Exercise goal
Exactly as written, output each of the lines below, with no images.

[Data items]
-----
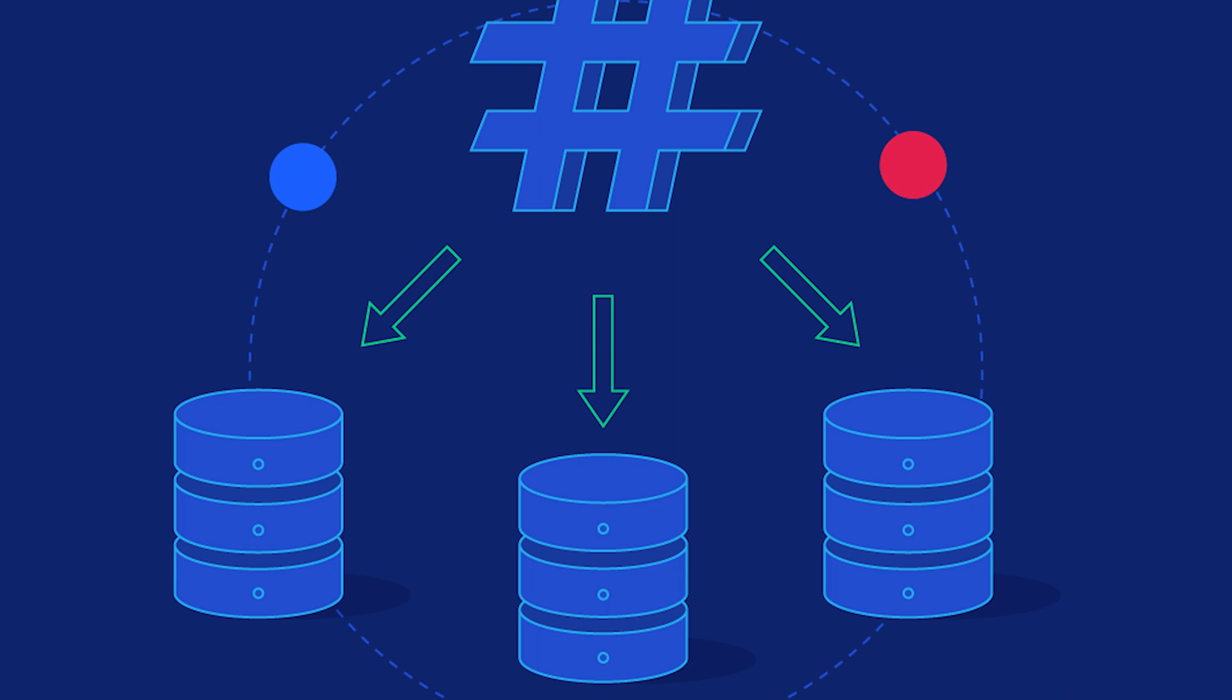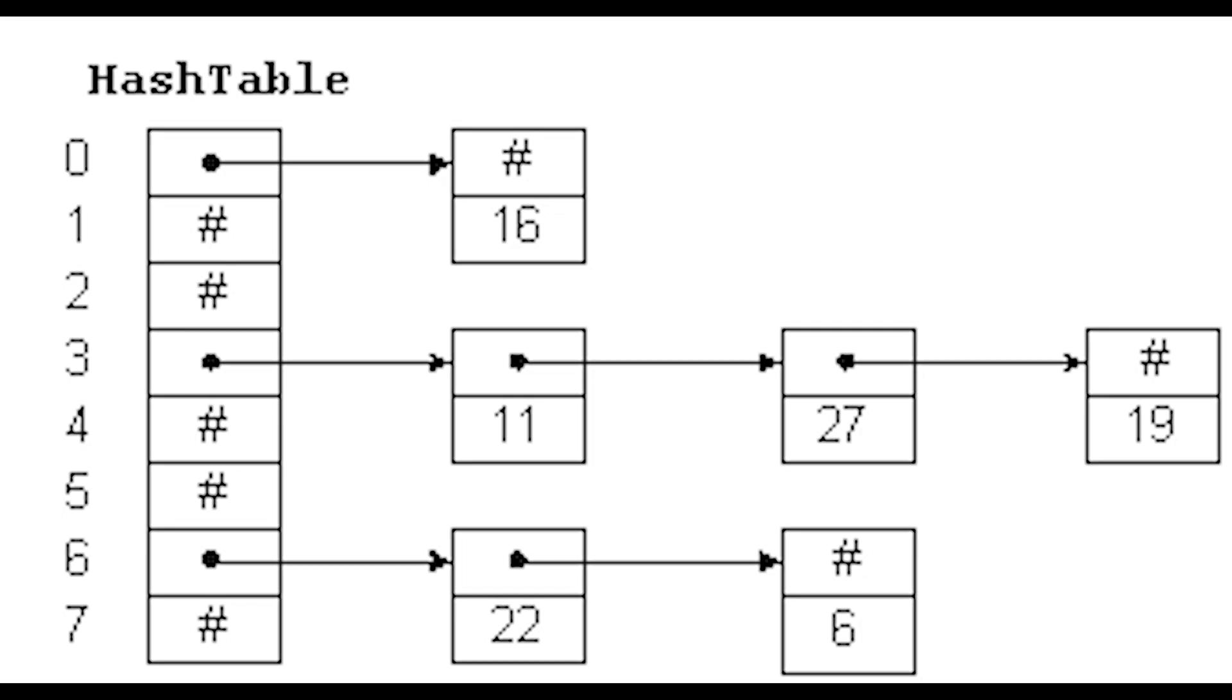You can hash anything from social security numbers to your bank account number. The whole point is hashed strings and inputs are meaningless to hackers without a decryption key.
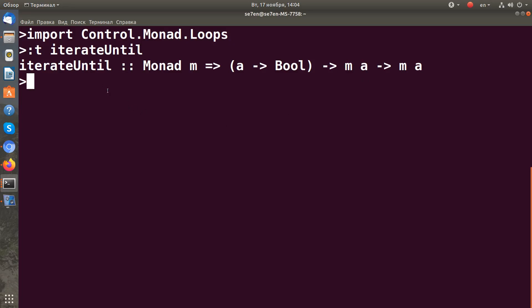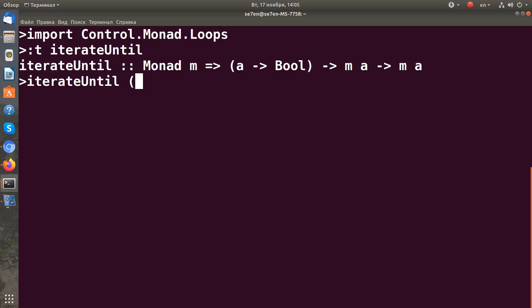How can we use iterateUntil? Let's define a simple program which requests lines from a user, and when the user types exit it stops. So first of all we need to define the first function.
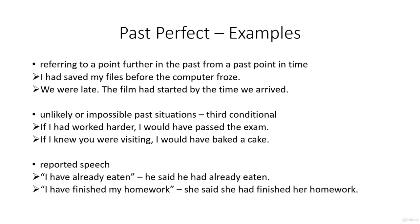Or somebody says, I have finished my homework. When we report it, we say, she said she had finished her homework.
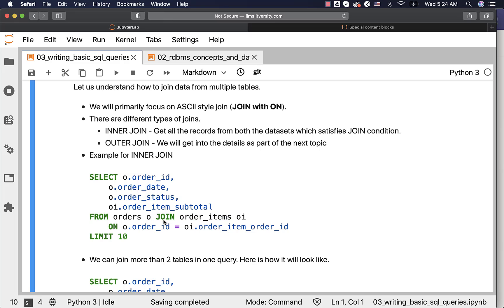After joining the two tables, we have to use the ON clause to specify the join condition. The example here demonstrates the equal operator. However, you can have not equal, greater than, less than, greater than or equal to, less than or equal to, etc., to specify the join condition. But they are not very common. The most common way of joining datasets is by using an equi join.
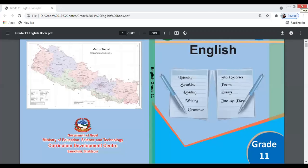Hello dear students, welcome everybody. In this video I'm going to talk about the course belonging to Grade 11 Compulsory English. I'm going to talk about the nature of the course, what sort of units are here, and how the course has been designed in this Grade 11 new curriculum. Watch the video till the end, and don't forget to like, share, and subscribe — that always motivates me to make more videos.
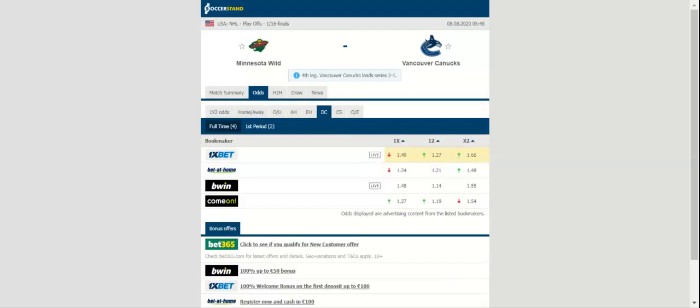In postseason play, JT Miller, Bo Horvat, and Alexander Edler are leading the Canucks in points with two apiece. Edler is the leader in assists with two.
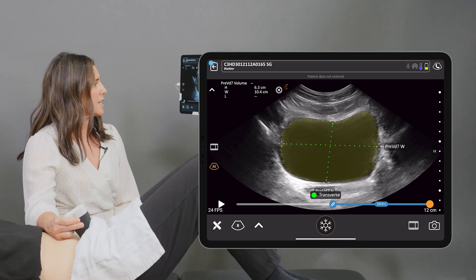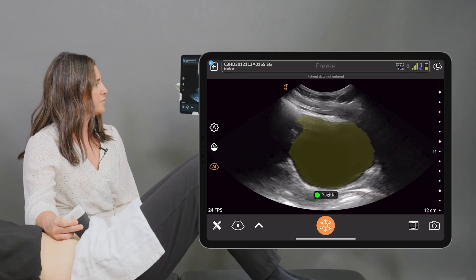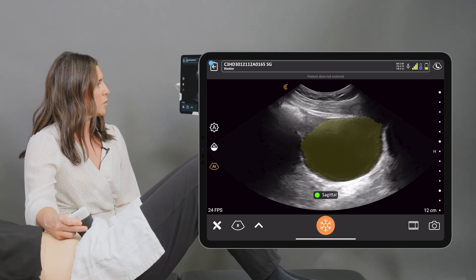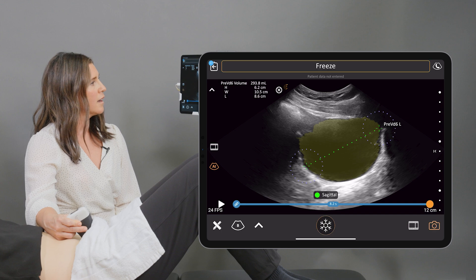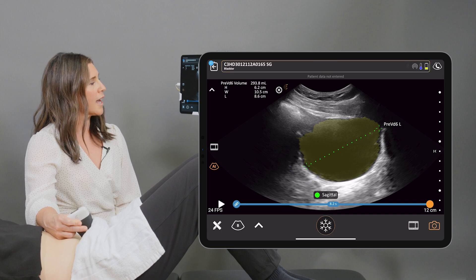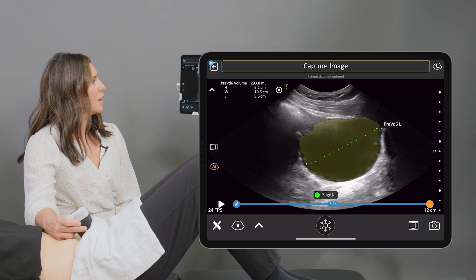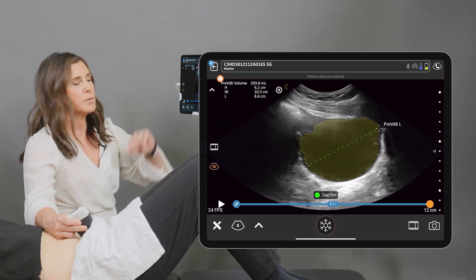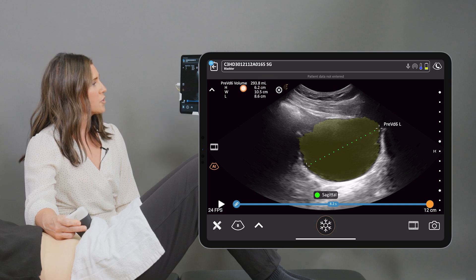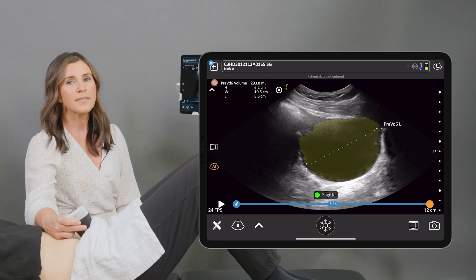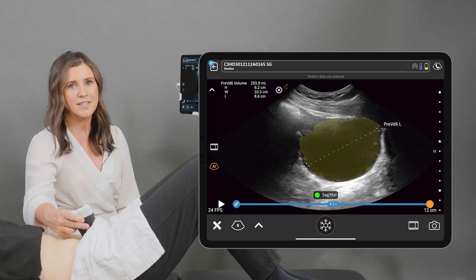We're going to unfreeze the image, and again we're going to freeze and capture the image. You're going to see the bladder volume in the top left corner of the screen, and that wraps up bladder volume measurements.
-----
Output
You can hash anything from social security numbers to your bank account number. The whole point is hashed strings and inputs are meaningless to hackers without a decryption key.
How can we use iterateUntil? Let's define a simple program which requests lines from a user, and when the user types exit it stops. So first of all we need to define the first function.
Or somebody says, I have finished my homework. When we report it, we say, she said she had finished her homework.
After joining the two tables, we have to use the ON clause to specify the join condition. The example here demonstrates the equal operator. However, you can have not equal, greater than, less than, greater than or equal to, less than or equal to, etc., to specify the join condition. But they are not very common. The most common way of joining datasets is by using an equi join.
Hello dear students, welcome everybody. In this video I'm going to talk about the course belonging to Grade 11 Compulsory English. I'm going to talk about the nature of the course, what sort of units are here, and how the course has been designed in this Grade 11 new curriculum. Watch the video till the end, and don't forget to like, share, and subscribe — that always motivates me to make more videos.
In postseason play, JT Miller, Bo Horvat, and Alexander Edler are leading the Canucks in points with two apiece. Edler is the leader in assists with two.
We're going to unfreeze the image, and again we're going to freeze and capture the image. You're going to see the bladder volume in the top left corner of the screen, and that wraps up bladder volume measurements.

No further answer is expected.